After a number of years we once again are fortunate to hear new music from the one and only Shlomo Simcha. Shlomo is popular by his pairing of traditional chazanus with contemporary styles, and “Ani Kan” one-ups that combination by bringing his energy and talents to the newer musical styles of 2016. I can let you in on a secret. I heard him daven for the amud in Toronto a few weeks ago, and left feeling very inspired. You see I grew up in Toronto and as a child used to daven in that shul – Toras Emes Viewmount . In those days  the Chazzan sang only chazzanus and I didn’t go for that style. Shlomo is the main Baal Tefilla there today, and although he does do some chazzanashe shtikelach, it’s mostly a Haimishe davening with geshmake haimishe nigunim.
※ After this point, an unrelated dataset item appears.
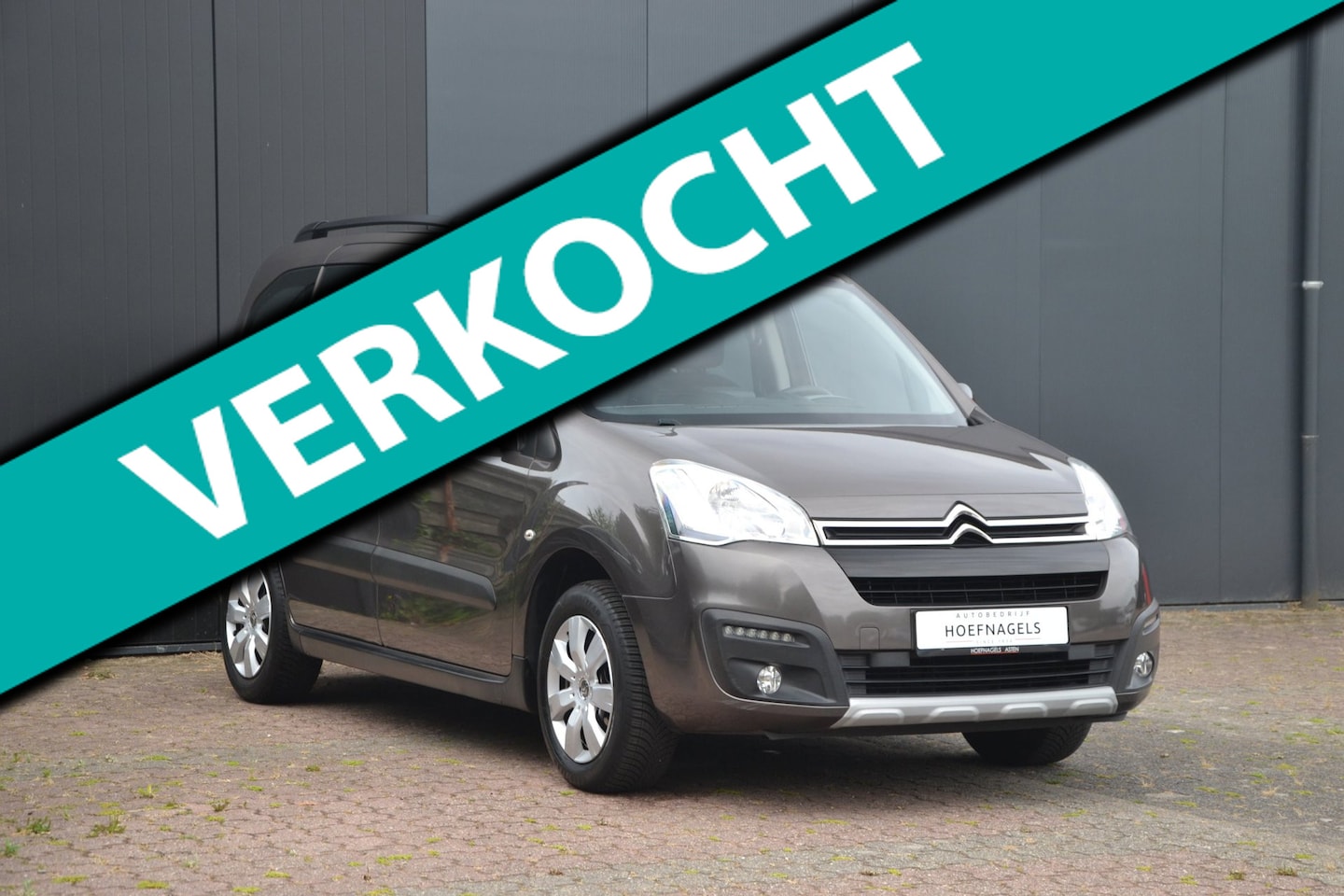 Citroën Berlingo - 1.2 110 PK Turbo XTR * Navigatie * Climatronic * - AutoWereld.nl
And by the way, his chazzanus is very easy on your ears!

 

The producer is Doni Gross – Jewish music’s up and rising producer of DEG Productions. It includes songs composed by the above-mentioned Doni Gross,Yitzy Waldner, Yossi Green, Yitzy Bald, Yossi Muller,Tzvi Silberstein and by Shlomo himself. The music is also arranged by Doni Gross. It also features the famous guitar players Arie Volnitz and Avi Singolda.

 

1) The album starts off with a bang with Im Ani kan composed by Doni Gross . Its a leibedike song demonstrating Shlomo’s high-energy. The song talks about the Simchas Bais Hasheiva but diehard Shlomo Simcha fans will breath a deep sigh of relief as they can interpret it as “Don’t worry that I didn’t have a new album for a while – because now I am here.

 

 

2) Modeh Ani – a slow song composed by Yitzy Waldner with Simcha starting off very soft. The words are from the tefilla people say Friday night before Kiddush. They reflect the gratitude a Yid has to Hashem for all the Chesed does for him and his family. Then it describes the Malochim. In middle of the song Shlomo goes very high “Modeh Ani” in his patented voice.

 

3) Ani Maamin – a leibedige song composed by Yitzy Waldner with English added “Yes I believe” to translate Ani Maamin, and when the choir sings it, they say “Yes WE believe”. That was cute. It’s a three-parter. The first 2 stanzas are low and the climax “bechol yoim sheyovoi” goes very high.

 

4) Ashira Lashem – Also composed by Yitzy Waldner. This is sung in Ivrit and it describes one’s immense gratitude to Hashem overflowing from within. It’s climax is a very hartzig “Ashira Lashem ki gomal alai”

 

 

5) B’nei Aliyah – Composed by Yitzy Bald. Tzvi Silberstein repays the favor for Shlomo singing on his all star album. The words are from Rosh Choidesh bentching. It gives us a good feeling that we value our special zchus to be Hashem’s children with a lofty neshama and being a chelek eloikai mimaal.

 

 

6) Piha Pascha – Composed by Yitzy Waldner.  This a ballad style song similar to his Hashamayim from Shloimie Gertner or Mimkoimcha sung by Yaakov Schwekey with a little faster pace.

 

 

7) Ner Dolek – Composed by Yossi Muller. It’s a powerful and inspiring song and assuring us that we can always do tshuva as long as our flame is burning – meaning we are still alive. It’s also a tefilla to Hashem to help us do Tshuva.

 

8) Al Hatorah – Composed and featuring the one and only Yossi Green! It’s as low song with words from the Brochois of the Haftoira we say on Shabbos. The high part has the words Al hakoil Hashem etc. that sounds like a person overflowing with thanks to Hashem with this tune. When we hear it live in shul, many times the tune does not reflect the meaning of the words, but in this song it is expressed very clearly and potently. I’ve never heard Yossi Green go this high. A pleasure to listen to!

 

 

9) Uviney – Composed by Yitzy Waldner A warm geshmake leibedike song that starts with the words uvnei yerushalayim from bentching and has another stanza with Yiddish words stating that Yerushalayim shel maalo and Yerushalayim shel mato will dance together with us all.

 

 

10) Sunny Day – Composed by Tzvi Silberstein. It’s a short sweet slow English song about looking at things positive like a “sunny day”.

 

11) A Gut Voch – Composed by Shlomo Simcha. No Shlomo Simcha would be complete without  geshmake chazzanishe shtickel. The first part of the song is chazzanus with words from Ato Choinantonu which we say Motzei Shabbos. The next part is a leibedike song with the same words with Yiddish words added to give it more flavour. A zaftige touch to a moiredige album!